» INFORMATION SHOWN:
========================
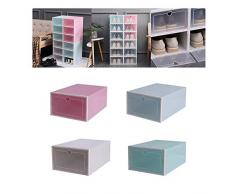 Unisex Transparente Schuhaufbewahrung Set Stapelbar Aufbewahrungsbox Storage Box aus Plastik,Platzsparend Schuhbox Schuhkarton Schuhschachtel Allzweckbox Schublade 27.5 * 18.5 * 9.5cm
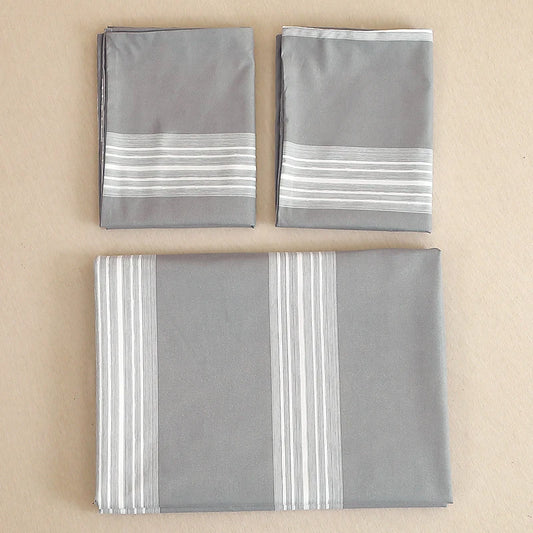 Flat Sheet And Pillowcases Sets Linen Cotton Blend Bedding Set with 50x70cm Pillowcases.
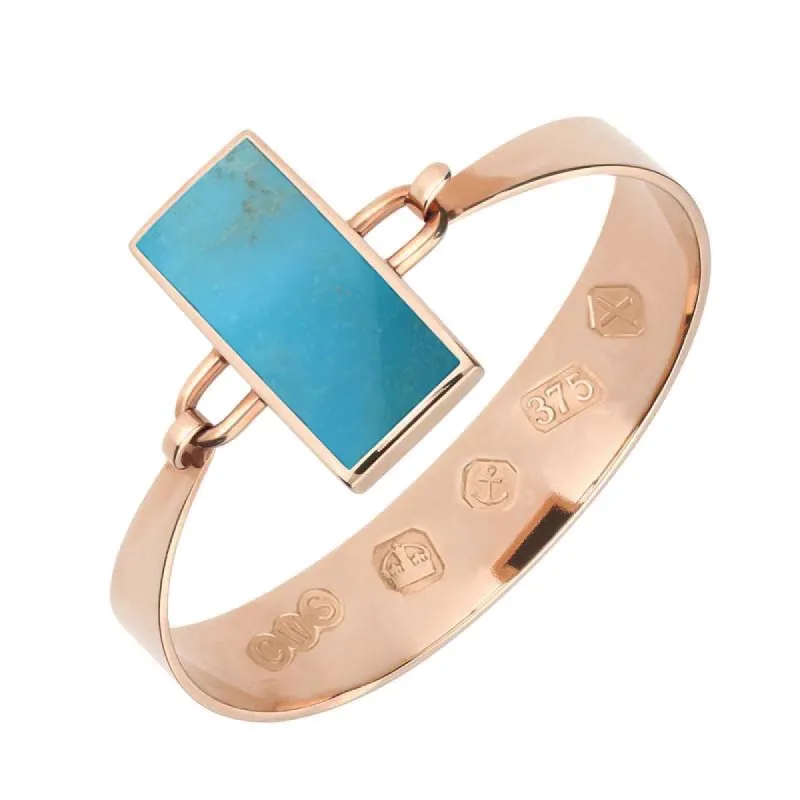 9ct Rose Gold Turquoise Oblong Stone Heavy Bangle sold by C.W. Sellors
========================
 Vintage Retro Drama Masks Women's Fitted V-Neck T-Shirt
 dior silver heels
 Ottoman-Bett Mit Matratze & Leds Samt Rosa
========================
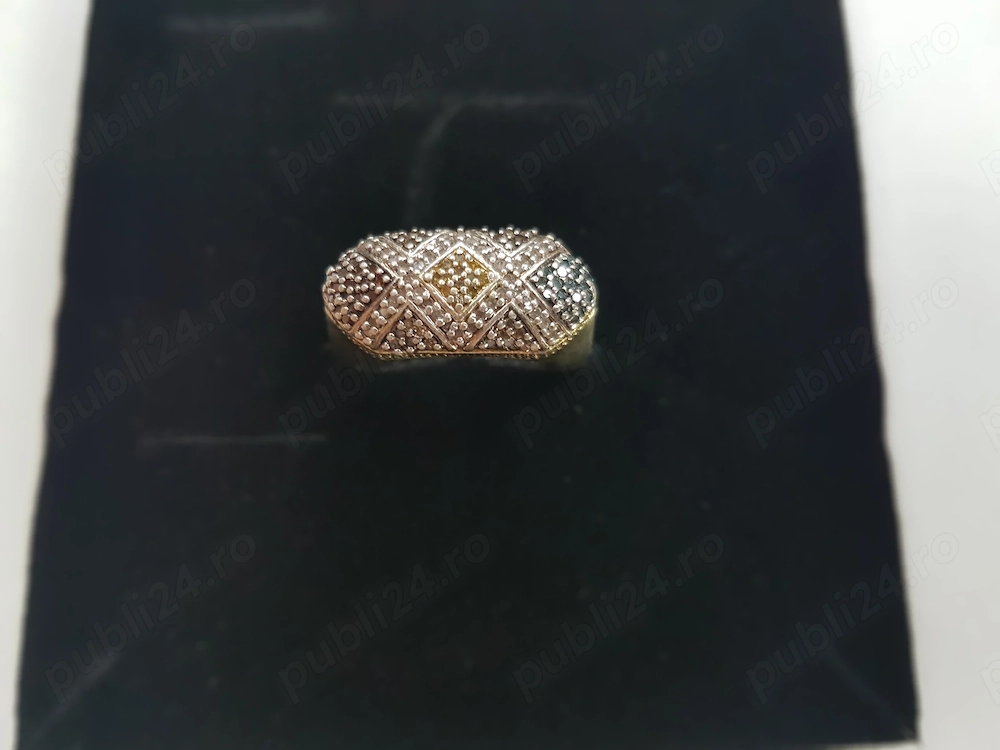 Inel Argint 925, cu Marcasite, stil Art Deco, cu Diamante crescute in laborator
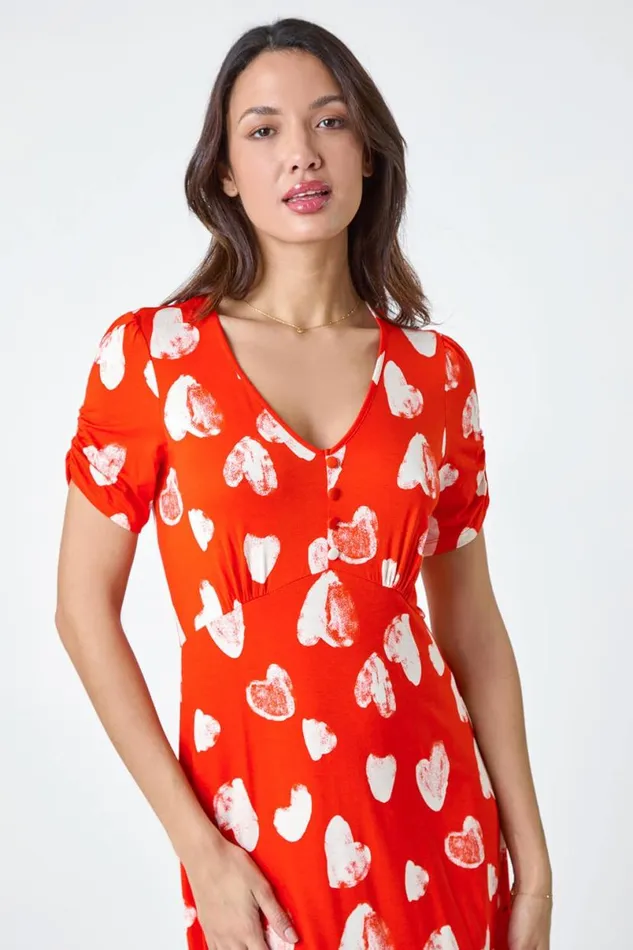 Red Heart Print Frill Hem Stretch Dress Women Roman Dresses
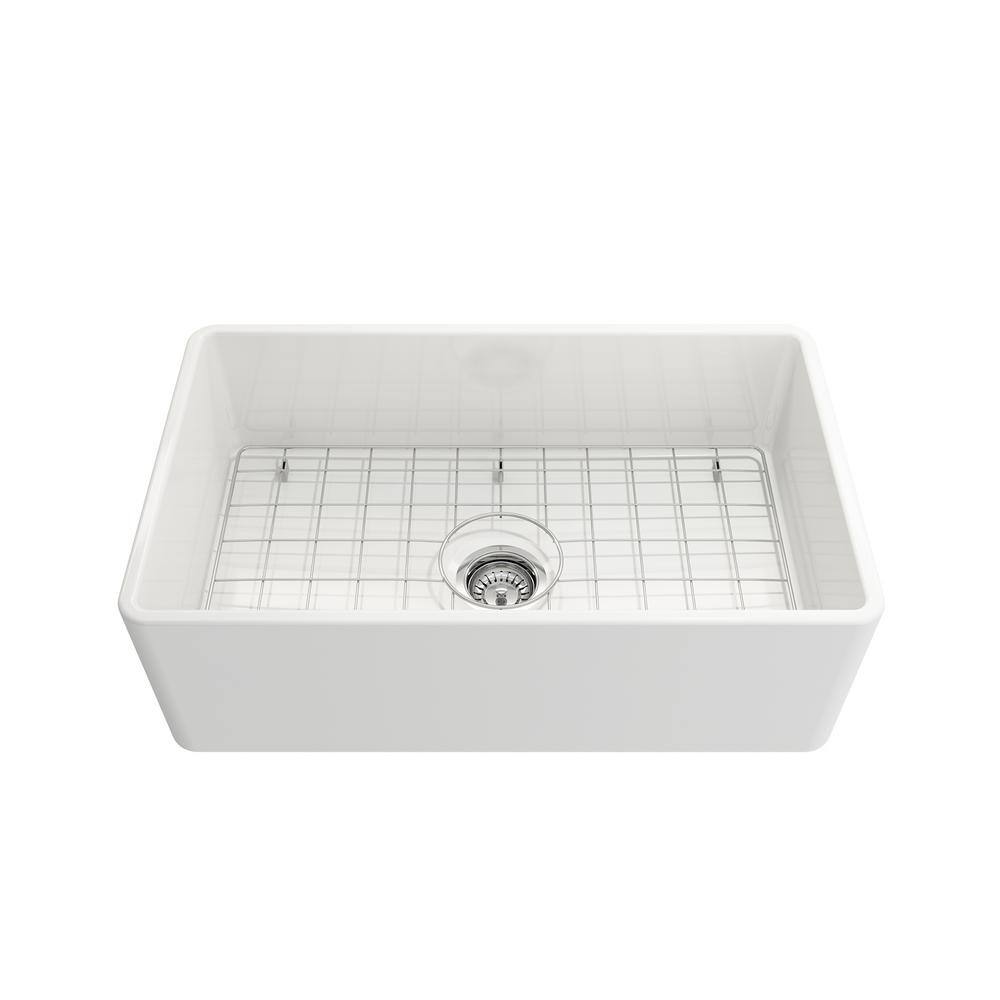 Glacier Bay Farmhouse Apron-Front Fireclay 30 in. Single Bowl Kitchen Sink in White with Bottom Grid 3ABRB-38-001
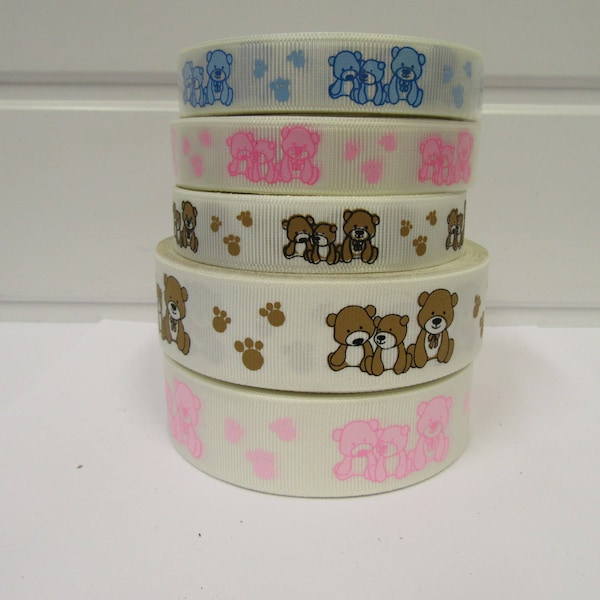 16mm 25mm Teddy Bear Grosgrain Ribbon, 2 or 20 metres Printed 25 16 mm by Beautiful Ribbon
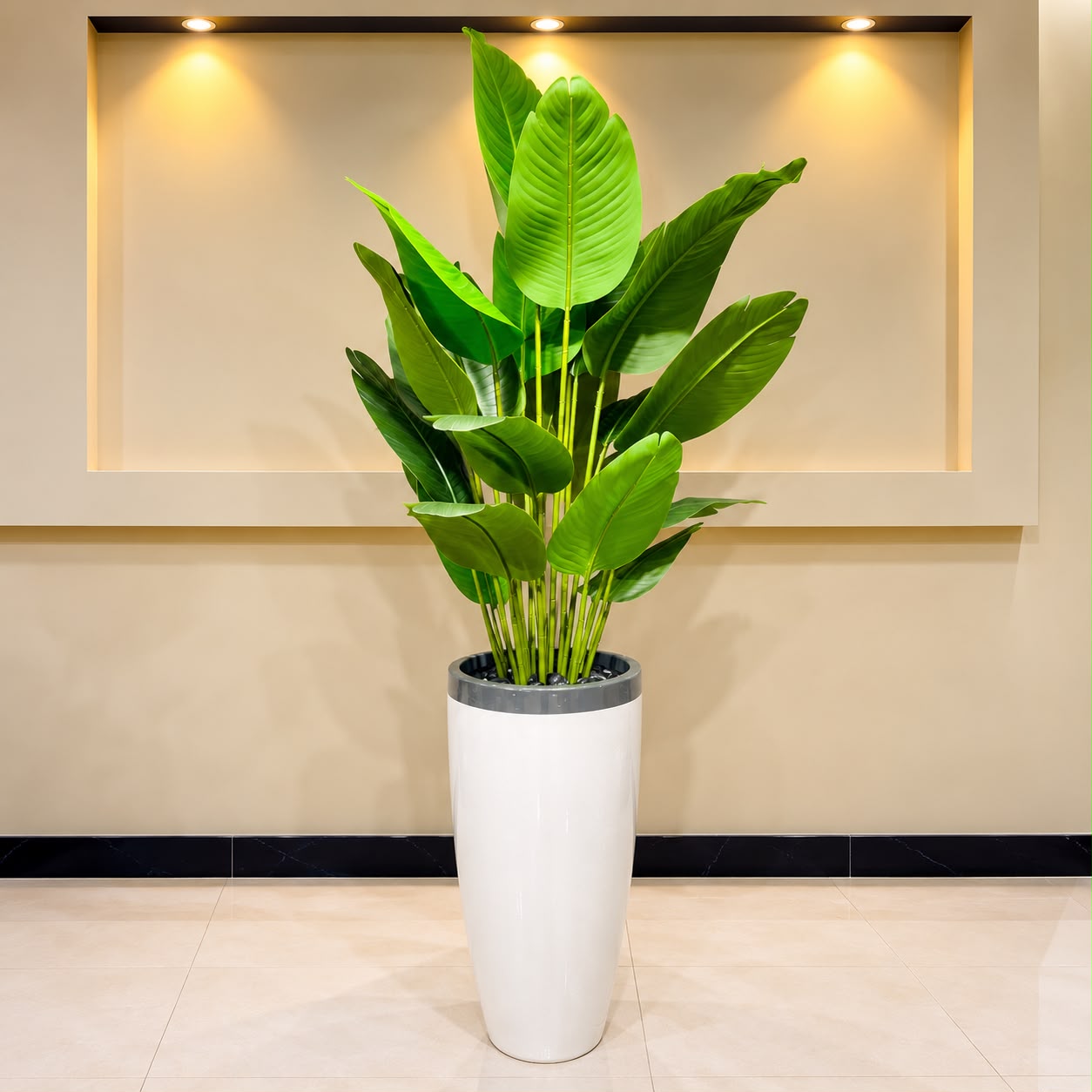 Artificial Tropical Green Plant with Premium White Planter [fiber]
========================
» WHAT THIS TASK INVOLVES: Quote the lines above exactly, starting with the one that has "Unisex Transparente Schuhaufbewahrung" and ending with the one that has "9ct Rose Gold"; drop the pictures and include nothing else.

» RESULT OF THIS TASK:
 Unisex Transparente Schuhaufbewahrung Set Stapelbar Aufbewahrungsbox Storage Box aus Plastik,Platzsparend Schuhbox Schuhkarton Schuhschachtel Allzweckbox Schublade 27.5 * 18.5 * 9.5cm
 Flat Sheet And Pillowcases Sets Linen Cotton Blend Bedding Set with 50x70cm Pillowcases.
 9ct Rose Gold Turquoise Oblong Stone Heavy Bangle sold by C.W. Sellors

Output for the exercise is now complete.